陸海空の3自衛隊は1日、発足60年を迎え、安倍政権は同日、集団的自衛権の行使容認を閣議決定する。憲法9条の平和主義の下、60年間、一度も海外での武力行使をしなかった自衛隊が、戦争に巻き込まれる危険性が高まる。節目の日を前に、県内外の自衛官は複雑な思いを口にした。
自衛隊の長野県内唯一の拠点である陸上自衛隊松本駐屯地(松本市)。30日夕、正門から帰路に就く自衛官に話し掛けると、みな硬い表情を浮かべた。「答える立場にない」「全然分からない」。他の隊員の視線を気にしてか、足早に立ち去った。

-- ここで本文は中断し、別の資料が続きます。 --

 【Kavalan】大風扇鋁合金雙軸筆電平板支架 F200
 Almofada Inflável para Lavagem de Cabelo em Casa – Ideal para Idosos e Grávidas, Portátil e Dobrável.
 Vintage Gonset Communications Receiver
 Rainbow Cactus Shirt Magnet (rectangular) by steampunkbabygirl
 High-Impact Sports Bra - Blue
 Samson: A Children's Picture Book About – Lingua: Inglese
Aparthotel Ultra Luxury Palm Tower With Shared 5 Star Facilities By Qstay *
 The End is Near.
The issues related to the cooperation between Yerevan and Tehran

一方、長野県に隣接する県の駐屯地に勤務する50代の男性自衛官は、取材に「正直、集団的自衛権が本当に必要かどうか判断できないし、海外で戦闘することもまだ想像できない」と心境を明かした。
自衛官になって30年余り。憲法には自衛隊の存在や役割が規定されてこなかった。国防を第1の任務として訓練してきた自身の感覚と、災害派遣にばかり注目する世間の感覚のずれに、「釈然としないものを感じてきた」。ただ、現在の議論には「行使容認で何ができて何ができないのかよく分からない。法的な裏付けに基づいた活動ができるのか」と感じている。

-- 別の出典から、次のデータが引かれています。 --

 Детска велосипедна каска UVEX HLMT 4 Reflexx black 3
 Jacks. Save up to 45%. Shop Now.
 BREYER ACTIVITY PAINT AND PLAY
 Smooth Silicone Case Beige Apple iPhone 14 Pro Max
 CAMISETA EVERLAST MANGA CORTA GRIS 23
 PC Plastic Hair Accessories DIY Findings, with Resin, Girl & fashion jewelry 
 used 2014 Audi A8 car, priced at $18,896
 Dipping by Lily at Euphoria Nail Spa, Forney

憲法の改正ではなく、閣議決定で解釈を変えるという安倍政権の選択は「次の選挙後には集団的自衛権が容認されなくなったり、逆に自衛権の範囲が際限なく広がったりすることもあり得る」とみる。「自衛隊の根幹部分がそのたびに揺れるのは危うい。行使容認に踏み切るなら、憲法を改正するべきだ」と語った。
同じ県で勤務する別の男性自衛官は大震災の時、家族に行き先を告げずに被災地へ向かった。1週間、連絡も取らなかったが、「それが自分たちの仕事」と話す。安倍政権の決定には「個人の感情をさしはさむところではない。国外に同盟国の救出に行けと命令されれば行くしかない」。
ただ、米艦の防護といった事態と直接攻撃を受けた日本の国土を守ることとでは「気持ちに違いがあるのは確かだ」と語った。
県内で勤務する男性自衛官は「不安な気持ちでニュースを見守っている」と打ち明ける。入隊時に「わが国の平和と独立を守る自衛隊の使命を自覚」することを宣誓した。だが、米艦の防護といった想定は「宣誓した使命に当たるかと言われると考えてしまう」と言う。
外国からの武力攻撃で家族が危機にさらされれば、「迷わず助ける」。だが、これからは親やきょうだいに危機が迫っているのに、国外の戦闘地域で米軍の警護を指示される事態もあるのではないか…。「その時は仕事を辞めるかどうかの瀬戸際」とこの男性自衛官。その上で「同じような不安な気持ちを抱えている隊員は本当に責務を果たせるのだろうか」とつぶやいた。